But did God cause such plagues to happen in order to force the action? Think of how we view this today. How do we view conservative evangelists who say that AIDS is a plague God has sent to punish Gay people. Or Pat Robertson was in the news recently, saying that God visited the earthquake upon Haiti as punishment for their ancestors ‘selling their souls to the devil’ 150 years ago. How do we view such interpretations of God’s actions? Don’t we view them with considerable skepticism, if not revulsion?

Now, here’s the difficult question: don’t these evangelists get such notions about God from stories in the Bible like the Passover? If God punished Pharaoh and the Egyptians with such terrible plagues, then what prevents God from acting similarly today? Is it that God has changed over the millennia? God used to do such things but doesn’t anymore? Or is it that our human interpretation of God’s role in such events has been wrong all these millennia?

I prefer the latter option: if we say today that Pat Robertson’s interpretation of Haiti is wrong, then perhaps Moses’ interpretation of the Passover was wrong three thousand years ago. We might respond, “Well, the Haitians didn’t really sell their souls to the devil, and the Egyptians truly did turn the Hebrews into slaves.” But then what about all the other cultures which have held slaves? What is our American punishment for brutally treating African slaves until 1865? The Civil War? Or some massive earthquake yet to devastate us?

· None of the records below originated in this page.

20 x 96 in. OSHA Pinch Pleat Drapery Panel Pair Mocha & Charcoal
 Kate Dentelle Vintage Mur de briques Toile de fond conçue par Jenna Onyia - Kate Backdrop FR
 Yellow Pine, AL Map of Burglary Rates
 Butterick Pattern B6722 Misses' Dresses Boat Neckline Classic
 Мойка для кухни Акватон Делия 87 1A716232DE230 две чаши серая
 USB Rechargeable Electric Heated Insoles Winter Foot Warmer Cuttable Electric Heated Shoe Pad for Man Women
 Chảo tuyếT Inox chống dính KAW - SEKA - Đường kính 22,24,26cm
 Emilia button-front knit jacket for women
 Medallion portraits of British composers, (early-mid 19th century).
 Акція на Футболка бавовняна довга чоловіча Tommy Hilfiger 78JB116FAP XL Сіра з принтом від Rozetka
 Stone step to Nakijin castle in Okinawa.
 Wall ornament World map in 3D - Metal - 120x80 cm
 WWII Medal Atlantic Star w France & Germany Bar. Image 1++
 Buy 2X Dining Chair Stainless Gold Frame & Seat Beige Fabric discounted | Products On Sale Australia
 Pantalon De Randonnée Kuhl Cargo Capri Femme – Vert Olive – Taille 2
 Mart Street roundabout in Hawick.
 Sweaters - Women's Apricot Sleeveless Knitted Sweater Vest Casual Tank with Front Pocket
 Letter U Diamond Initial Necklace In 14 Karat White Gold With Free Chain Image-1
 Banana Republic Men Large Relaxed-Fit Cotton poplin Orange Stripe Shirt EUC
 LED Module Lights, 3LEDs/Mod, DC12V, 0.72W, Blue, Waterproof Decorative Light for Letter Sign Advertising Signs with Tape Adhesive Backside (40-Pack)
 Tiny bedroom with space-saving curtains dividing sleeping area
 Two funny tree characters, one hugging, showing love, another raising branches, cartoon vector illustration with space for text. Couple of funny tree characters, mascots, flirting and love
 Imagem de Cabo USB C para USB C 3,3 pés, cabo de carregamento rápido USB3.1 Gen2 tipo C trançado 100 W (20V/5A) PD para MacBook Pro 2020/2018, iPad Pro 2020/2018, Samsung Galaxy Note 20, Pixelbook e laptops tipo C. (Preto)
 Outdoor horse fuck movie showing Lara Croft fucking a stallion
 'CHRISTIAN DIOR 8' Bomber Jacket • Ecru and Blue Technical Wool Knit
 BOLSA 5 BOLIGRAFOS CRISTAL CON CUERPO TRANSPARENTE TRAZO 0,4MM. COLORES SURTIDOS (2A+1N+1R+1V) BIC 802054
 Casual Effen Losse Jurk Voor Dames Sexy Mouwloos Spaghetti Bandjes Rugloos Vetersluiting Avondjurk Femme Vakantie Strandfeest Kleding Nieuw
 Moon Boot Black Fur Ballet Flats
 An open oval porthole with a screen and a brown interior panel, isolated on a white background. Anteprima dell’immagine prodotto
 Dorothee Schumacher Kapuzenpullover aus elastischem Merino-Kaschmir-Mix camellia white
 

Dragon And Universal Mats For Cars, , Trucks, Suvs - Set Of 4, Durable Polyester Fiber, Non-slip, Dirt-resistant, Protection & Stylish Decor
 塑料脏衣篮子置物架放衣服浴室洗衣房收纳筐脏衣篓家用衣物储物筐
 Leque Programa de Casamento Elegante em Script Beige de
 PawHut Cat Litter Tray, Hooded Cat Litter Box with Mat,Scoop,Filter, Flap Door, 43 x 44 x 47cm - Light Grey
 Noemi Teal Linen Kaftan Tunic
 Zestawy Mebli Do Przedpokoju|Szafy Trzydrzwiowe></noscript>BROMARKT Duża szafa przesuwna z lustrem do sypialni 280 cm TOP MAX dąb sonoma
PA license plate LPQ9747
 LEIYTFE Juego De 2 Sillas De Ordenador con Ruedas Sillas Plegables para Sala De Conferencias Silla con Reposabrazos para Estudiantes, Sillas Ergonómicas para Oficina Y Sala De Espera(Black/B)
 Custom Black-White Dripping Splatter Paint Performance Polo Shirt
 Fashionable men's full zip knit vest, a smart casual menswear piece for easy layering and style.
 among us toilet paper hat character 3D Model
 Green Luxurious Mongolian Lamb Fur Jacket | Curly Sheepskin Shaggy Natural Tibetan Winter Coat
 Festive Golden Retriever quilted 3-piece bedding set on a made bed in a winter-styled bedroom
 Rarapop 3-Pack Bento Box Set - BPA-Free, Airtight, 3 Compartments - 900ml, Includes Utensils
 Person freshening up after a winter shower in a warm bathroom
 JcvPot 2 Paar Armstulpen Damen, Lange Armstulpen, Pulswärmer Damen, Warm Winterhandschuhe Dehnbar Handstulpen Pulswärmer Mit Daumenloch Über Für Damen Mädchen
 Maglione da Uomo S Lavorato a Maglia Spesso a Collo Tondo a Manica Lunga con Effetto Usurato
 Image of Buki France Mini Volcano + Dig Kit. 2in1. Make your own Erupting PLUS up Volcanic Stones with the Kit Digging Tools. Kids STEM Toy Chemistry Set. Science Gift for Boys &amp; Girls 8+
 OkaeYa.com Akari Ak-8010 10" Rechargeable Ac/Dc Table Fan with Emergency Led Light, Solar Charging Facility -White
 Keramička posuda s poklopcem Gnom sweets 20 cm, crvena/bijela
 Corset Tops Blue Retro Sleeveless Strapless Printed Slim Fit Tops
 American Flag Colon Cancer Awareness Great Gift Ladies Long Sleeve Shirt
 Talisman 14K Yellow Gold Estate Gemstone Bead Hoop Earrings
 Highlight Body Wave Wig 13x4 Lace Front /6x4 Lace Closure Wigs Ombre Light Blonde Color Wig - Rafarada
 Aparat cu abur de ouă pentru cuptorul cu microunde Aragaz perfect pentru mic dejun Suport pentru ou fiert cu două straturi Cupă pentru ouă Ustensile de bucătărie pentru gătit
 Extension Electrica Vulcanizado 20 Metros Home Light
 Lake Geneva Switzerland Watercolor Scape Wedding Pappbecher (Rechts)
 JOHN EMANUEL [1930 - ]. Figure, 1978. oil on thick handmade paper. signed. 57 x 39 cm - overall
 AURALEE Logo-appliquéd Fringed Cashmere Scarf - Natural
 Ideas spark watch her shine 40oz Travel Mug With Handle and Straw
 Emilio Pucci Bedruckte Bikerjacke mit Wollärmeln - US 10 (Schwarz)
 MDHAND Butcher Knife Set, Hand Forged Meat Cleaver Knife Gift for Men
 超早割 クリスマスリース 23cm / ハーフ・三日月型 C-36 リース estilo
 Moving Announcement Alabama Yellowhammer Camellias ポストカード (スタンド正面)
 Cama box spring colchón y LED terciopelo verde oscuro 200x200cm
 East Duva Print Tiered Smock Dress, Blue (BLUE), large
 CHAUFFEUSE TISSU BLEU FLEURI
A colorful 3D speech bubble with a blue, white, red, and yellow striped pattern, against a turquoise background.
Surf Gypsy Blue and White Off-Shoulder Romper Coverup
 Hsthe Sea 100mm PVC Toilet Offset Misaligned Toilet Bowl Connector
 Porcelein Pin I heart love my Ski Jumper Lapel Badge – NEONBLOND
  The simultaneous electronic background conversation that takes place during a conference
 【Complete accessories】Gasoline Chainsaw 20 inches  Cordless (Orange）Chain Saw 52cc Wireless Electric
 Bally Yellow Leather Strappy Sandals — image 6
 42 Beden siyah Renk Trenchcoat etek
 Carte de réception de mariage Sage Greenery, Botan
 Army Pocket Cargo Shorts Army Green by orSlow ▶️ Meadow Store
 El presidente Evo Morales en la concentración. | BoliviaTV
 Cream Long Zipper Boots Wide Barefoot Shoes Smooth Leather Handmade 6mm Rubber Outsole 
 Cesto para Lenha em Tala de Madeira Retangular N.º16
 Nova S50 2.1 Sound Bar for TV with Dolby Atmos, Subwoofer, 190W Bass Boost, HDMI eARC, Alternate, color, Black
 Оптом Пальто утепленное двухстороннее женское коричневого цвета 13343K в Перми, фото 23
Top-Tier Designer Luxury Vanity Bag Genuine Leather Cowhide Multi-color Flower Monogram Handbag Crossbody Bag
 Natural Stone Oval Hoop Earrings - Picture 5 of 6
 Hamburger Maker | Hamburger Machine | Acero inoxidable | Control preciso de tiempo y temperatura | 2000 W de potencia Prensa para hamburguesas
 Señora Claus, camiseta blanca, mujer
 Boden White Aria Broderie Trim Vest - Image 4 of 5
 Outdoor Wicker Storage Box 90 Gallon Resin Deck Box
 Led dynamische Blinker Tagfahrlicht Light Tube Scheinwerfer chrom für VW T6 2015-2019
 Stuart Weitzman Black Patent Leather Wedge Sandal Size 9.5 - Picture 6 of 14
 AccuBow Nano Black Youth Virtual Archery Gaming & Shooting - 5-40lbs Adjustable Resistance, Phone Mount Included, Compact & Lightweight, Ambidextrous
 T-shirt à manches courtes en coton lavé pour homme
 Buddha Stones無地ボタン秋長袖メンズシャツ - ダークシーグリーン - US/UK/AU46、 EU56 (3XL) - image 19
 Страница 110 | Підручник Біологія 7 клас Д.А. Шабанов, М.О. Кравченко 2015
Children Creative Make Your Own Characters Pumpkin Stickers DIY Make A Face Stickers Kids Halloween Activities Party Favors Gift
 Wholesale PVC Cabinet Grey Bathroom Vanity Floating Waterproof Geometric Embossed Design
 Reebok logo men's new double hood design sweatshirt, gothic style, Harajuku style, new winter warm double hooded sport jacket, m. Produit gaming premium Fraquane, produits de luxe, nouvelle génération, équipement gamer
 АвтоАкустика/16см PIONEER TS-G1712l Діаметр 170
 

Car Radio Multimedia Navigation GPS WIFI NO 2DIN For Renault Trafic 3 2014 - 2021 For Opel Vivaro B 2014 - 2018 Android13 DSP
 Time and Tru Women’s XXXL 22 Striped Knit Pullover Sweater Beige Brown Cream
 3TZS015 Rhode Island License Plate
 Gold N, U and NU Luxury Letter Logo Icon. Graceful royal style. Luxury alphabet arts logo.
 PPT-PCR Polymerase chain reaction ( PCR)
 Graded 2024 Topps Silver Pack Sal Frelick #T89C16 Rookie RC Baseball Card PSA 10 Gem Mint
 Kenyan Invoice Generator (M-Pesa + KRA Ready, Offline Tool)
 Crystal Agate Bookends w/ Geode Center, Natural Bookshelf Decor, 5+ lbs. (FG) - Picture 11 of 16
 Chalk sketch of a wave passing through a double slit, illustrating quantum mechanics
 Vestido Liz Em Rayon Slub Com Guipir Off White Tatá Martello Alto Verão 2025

Or do we finally wake up to what is truly wrong with this equation? It’s not a matter of who gets just punishment for what, but, rather, the fact that the God of Jesus Christ is not about punishment in the first place. Punishment is our gig. Human beings base keeping order in their communities on punishment of wrong-doing, and so we like our gods to back us. But this is not the God we meet in Jesus Christ who is about forgiveness of wrong-doing.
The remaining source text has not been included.